From the preceding analysis, therefore, the argument’s success requires the conjunction of (a), (b), and (c), since the falsity of any one of them casts doubt on the argument’s cogency. But if eternalism is true, then arguably both (b) and (c) are false. This is because eternalism entails that the future is not merely potential but as equally actual as the present (and hence entails the falsity of (b)). Eternalism also entails that objective, successive, temporal becoming or transitioning is not a real feature of reality, in which case (c) is false as well

The fact that the argument from change presupposes the truth of an A-theory of time and the falsity of B-theories of time is (one may argue) by itself enough to make the argument unconvincing.

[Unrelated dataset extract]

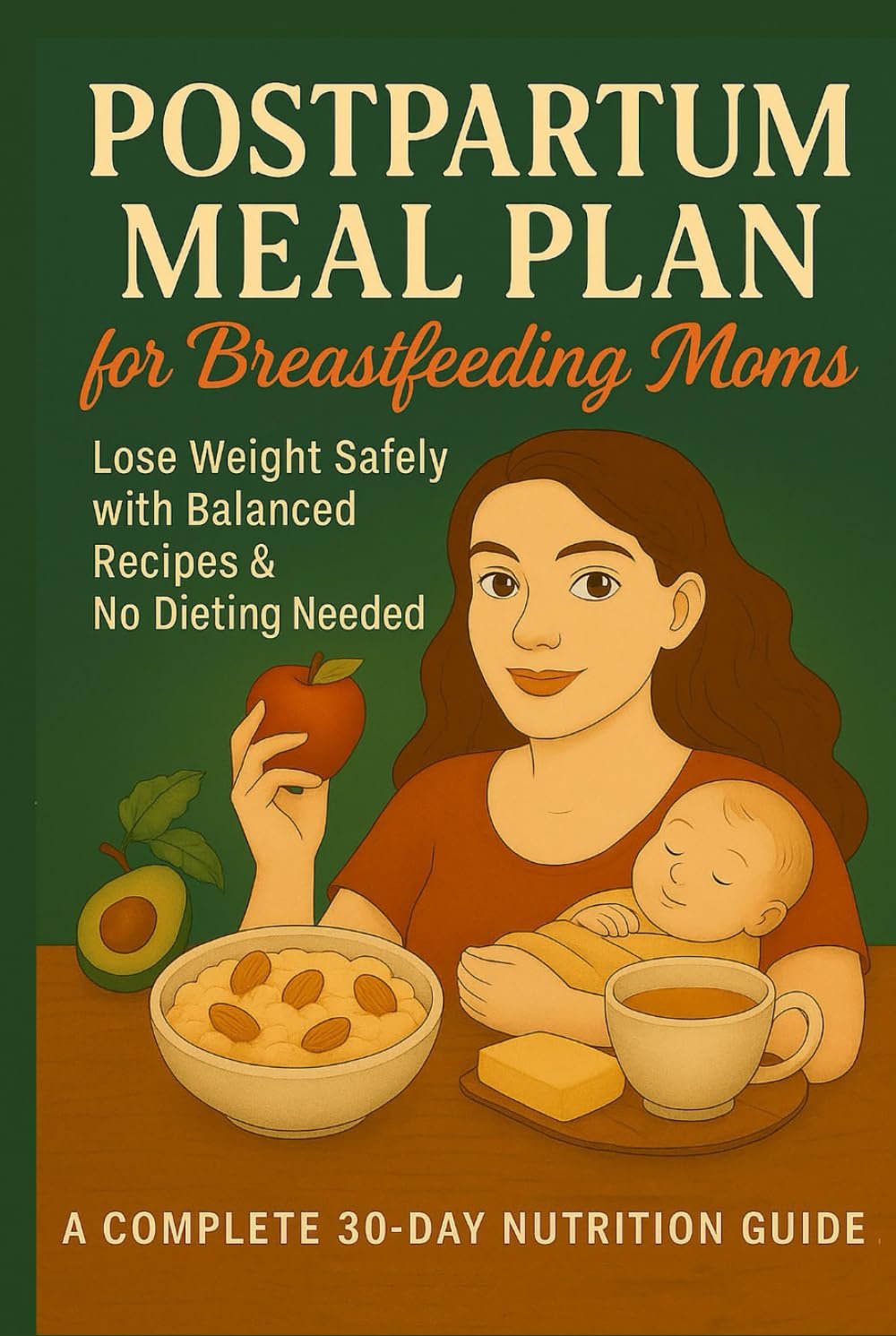 Postpartum Meal Plan for Breastfeeding Moms: Lose Weight Safely with Balanced Recipes & No Dieting Needed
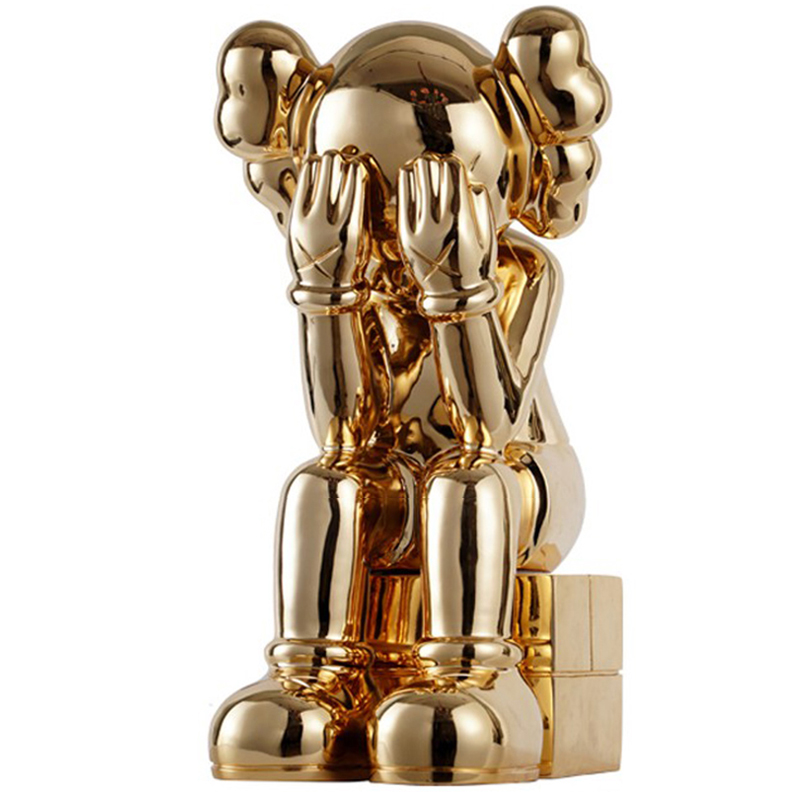 Статуэтка KAWS Passing Through Gold Золотой Статуэтка KAWS Passing Through Gold Золотой в Барнауле | Loft Concept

If an argument A presupposes proposition P, but P is wholly unjustified (at least in the dialectical context at hand), then it seems A (or at least the conclusion of A) is itself unjustified (i.e. not sufficiently warranted by reasoning). For instance, if I argue that fine-tuning evidence shows a designer of the universe exists, but my argument merely presupposes that there is any fine-tuning evidence in the first place without justifying this presupposition, then my argument itself is unjustified (or, again, at least the conclusion of my argument). Hence, without justifying the falsity of eternalism, it seems Aquinas’ argument is not sufficiently warranted.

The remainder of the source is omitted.